I managed to do a final edit for a friend’s manuscript. It is a new genre for J.E. McKnight but he has written an exceptional thriller. The antagonist’s real identity was a real surprise and even after knowing who it was the narrative held other shocking twists and turns. I’m sure lots of people will be thrilled by Joe’s newest novel.
An author I interviewed over three years ago contacted me recently asking for a review of her book and a special blog interview. I’m always open to helping other authors so will be curling up with her book over the weekend. Look out for the interview soon – Manaswita Ghosh is a wonderful young writer based in India.
Earlier in the week I wrote nearly a thousand words for my new YA story, Bubble the Gruggle only to ‘lose’ them on a Mac system. To say I was unhappy is an understatement but what can you do but chalk it up to experience? I did not rush to write again but left the story until the weekend. While sitting on my deck in the sunshine with a cooling breeze, I returned to the narrative and wrote even more words exceeding the ones lost. They say rewrites are usually better than the first try anyway.
My writing spot at the weekend – my front deck.
I also managed to do a review of a freelance project I have been working on – ghostwriting a book – this week. I’m gradually catching myself up.
Work continues with ‘extra’ pages for publishing for The Twesome Loop and ideas for illustrations for Bubble the Gruggle.
Books: Evidence of Life by Barbara Taylor Sissel
My review: A woman’s hope through disaster and her an emotional and psychological turmoil are expertly conveyed in this novel. It had me turning pages even when my eyes wanted to close! Great writing and insight into how a woman would cope with the greatest loss but also go on for the sake of her remaining family. The twists in the story kept me guessing as to the truth of the situation regarding her husband and how her friends and family protected her. Really worth a read.
An author friend wrote this book and I thought it time I got around to reading it.

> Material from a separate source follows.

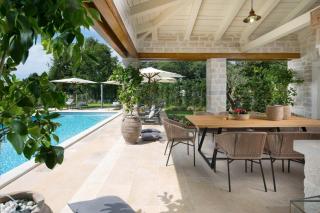 Luxuriöse Villa Elena Exclusive mit Privatem Pool und Panoramablick - Ladići - 3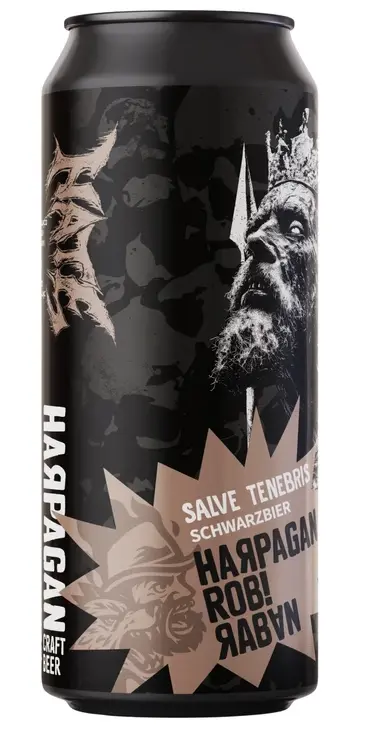Browar Harpagan Harpagan Robi Raban / Hate - Salve Tenebris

Merryweather Lodge by Pauline Holyoak.
Instead of adding tags (he said/she said) to every bit of dialogue, learn to identify the speaker by showing him/her in action. Example: “Pass that sweet-smelling turkey this way.” With knife in one hand and fork in the other, Sam looked eager to pounce.
You don’t always need an outline. Give discovery writing a try. (This is me all the time – free flow writing!)
Focus on building tension, then give it a snap.